The Ins and Outs of Private Student Loan Consolidation

Reader Question: My GF is burdened by enormous student loan debt and it is impacting my life as well.

She has a mixture of private and federal loans, mostly private so the income based payment plans and such do not apply. I was suggesting she consolidate them, which would take the current amount and bring it back to 25-year terms, which would lower the payment and make life a bit less burdensome. Granted she’d pay more in the long run but at least it wouldn’t be a $1000/month payment as it is now.

Many places aren’t consolidating and for private loans, you can only do a variable rate. I’m curious to your experiences and if you can shed some light on how you handled your debt, other than making extra payments to pay off earlier.

My husband and I consolidated our loans (separately from each other) before the new consolidation laws took effect, but much of what the reader says holds true for private loans. Here’s how it works:

Federal Loan Consolidation

When we consolidated, we were able to combine our Federal loans into one loan with an averaged fixed interest rate. For example, my rate is 2.85%. My husband’s rate is higher because some of his original loans had much higher rates. Then, with on-time payments and auto pay, we were able to reduce our interest rates by .25 to .5% after 36 months. So, actually my rate is now 2.35%. Not too shabby! This was, of course, before the changes to the law that made the new base rate significantly higher. This law makes me a bit stabby, but that’s another post.

You can still consolidate Federal student loans, but only with the Direct Loan program. Private lenders no longer offer federal consolidation. Your rate may not be reduced much because of the new mandatory rates, but you will get a single payment and a longer term, which lowers the monthly payment.

Private Student Loan Consolidation

Private student loan consolidation is trickier. You can’t combine your federal and private loans into one consolidation, so my husband has two consolidations – a private and a federal. He also has a couple of small standalone loans that couldn’t be consolidated.
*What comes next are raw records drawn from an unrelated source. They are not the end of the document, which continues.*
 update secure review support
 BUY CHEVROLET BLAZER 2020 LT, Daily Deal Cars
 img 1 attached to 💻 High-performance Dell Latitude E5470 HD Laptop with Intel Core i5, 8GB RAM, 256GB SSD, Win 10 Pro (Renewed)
Although the loans are consolidated, the rates are still variable. However, we only have one payment for the bulk of those loans. The benefits of consolidating are threefold:

1. We don’t have to track 15 different loans (three years of professional school, plus four years of undergrad produce a lot of loans!)

2. We get a longer term. Rather than the original 10-year term that most of those loans came with, the term is 30 years. We’ll pay them off faster if we can, but it gives us breathing room.
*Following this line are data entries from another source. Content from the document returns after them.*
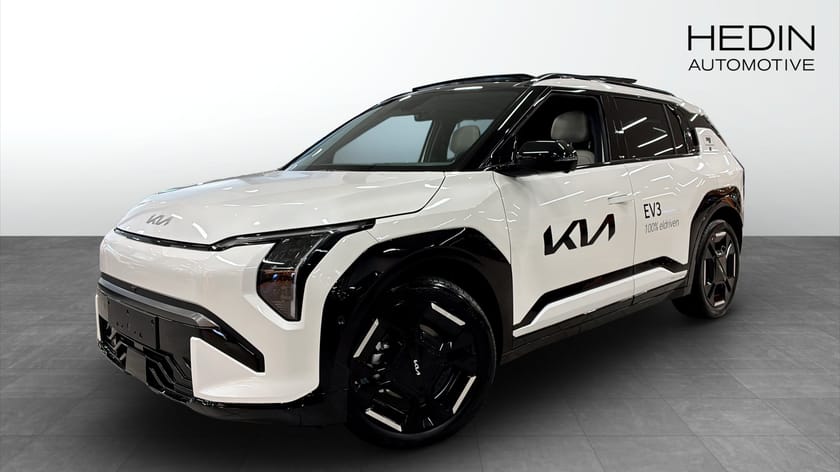 Bild 1 av Kia EV3 Long Range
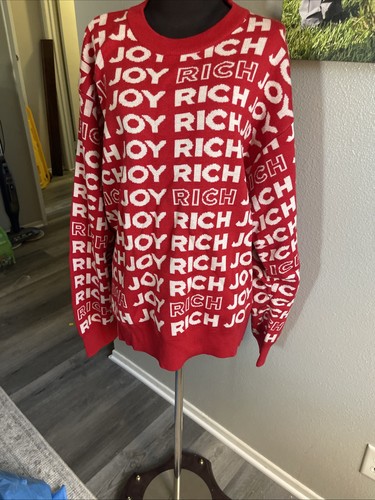 Joyrich men sweater size - sweater,
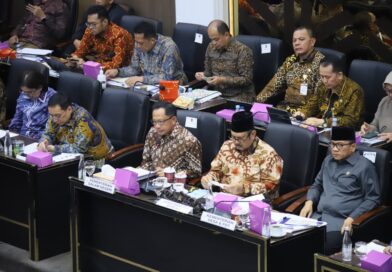 Mendagri Pastikan Sistem Data Kemendagri Terhubung dengan Satu Data Indonesia Mendagri Pastikan Sistem Data Kemendagri Terhubung dengan Satu Data Indonesia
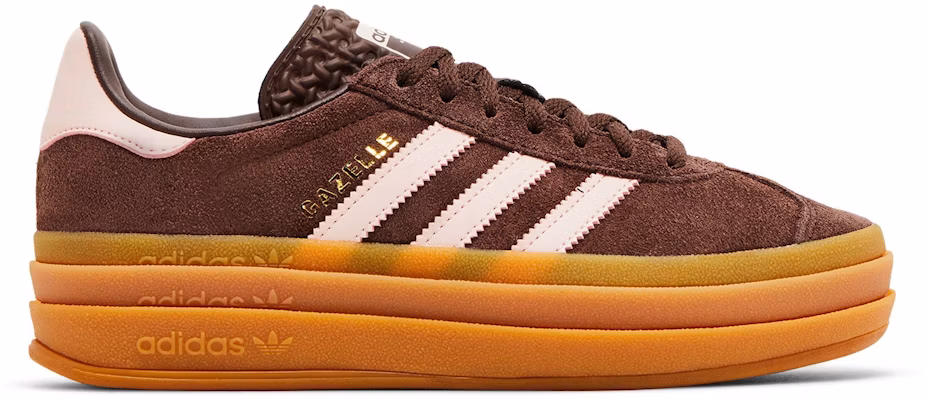 (W) adidas Gazelle Bold ''Auburn Rosa Ghiaccio'' JI0326 Buy (W) adidas Gazelle Bold ''Auburn Rosa Ghiaccio'' JI0326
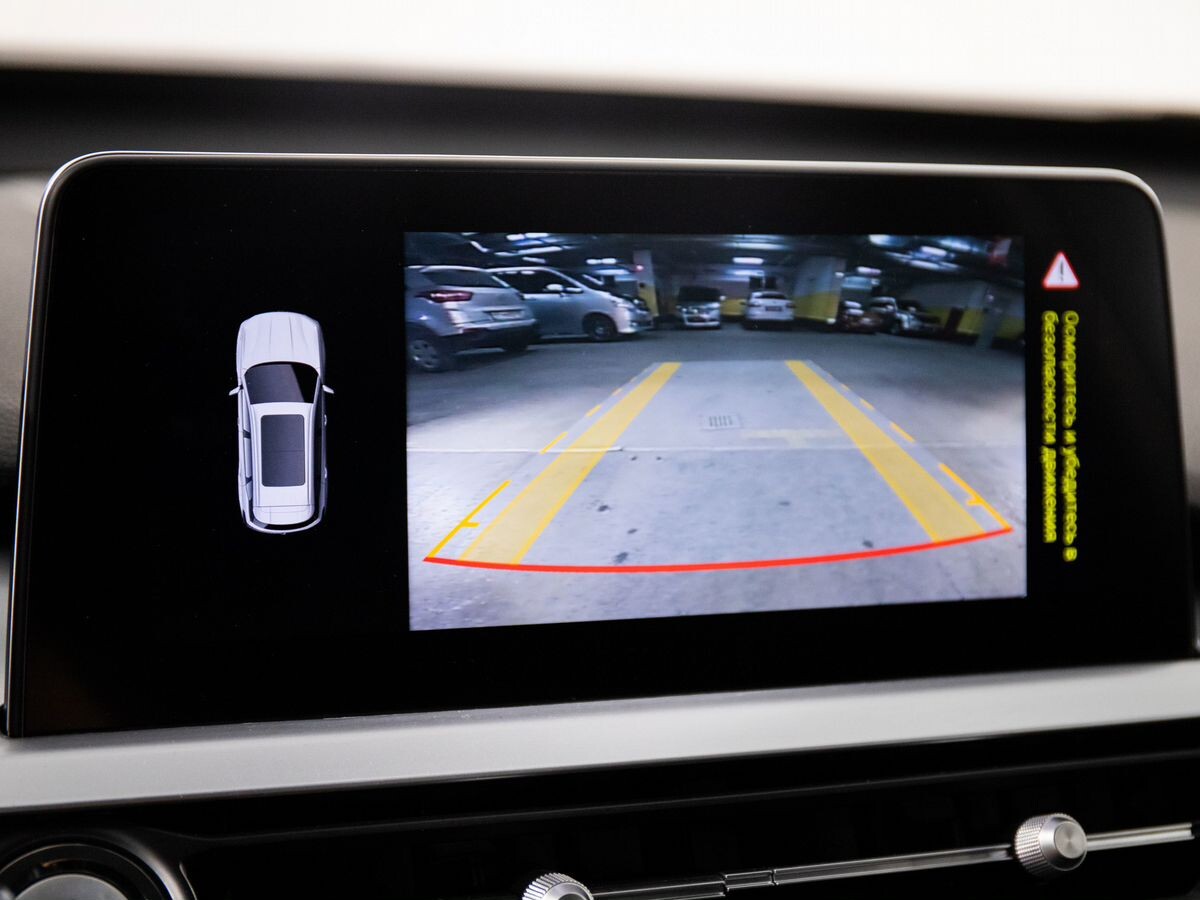 Chery Tiggo 7 Pro 2022 - фото автомобиля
3. Co-signers are removed. I’m still a co-signer on one of my husband’s smaller, non-consolidated loans, but consolidating removed me from the larger loans, which means I won’t be on the hook if he dies early or defaults.

Options for Reducing Monthly Payments

If you consolidate, get the longest term you can. Usually this is dependent on the amount of the loans, but large balances like those of the above questioner would probably qualify for the longest term.
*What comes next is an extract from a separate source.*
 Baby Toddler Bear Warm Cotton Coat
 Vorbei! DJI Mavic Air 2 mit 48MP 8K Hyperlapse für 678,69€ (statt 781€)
Even with private consolidation, you can ask for a graduated payment plan. That reduces the payment for the first few years, but you end up paying more interest in the end. Our payments are set to jump $500 next year because my husband’s graduated payment plan is converting to a full payment plan. We’re already budgeting for that eventuality, and it’s one reason we bought our house when we did.

If you’re interested in a private loan consolidation, start by contacting your lender to see if that option is available and which loans can be consolidated into it. Although you may not get them all, getting at least some will help.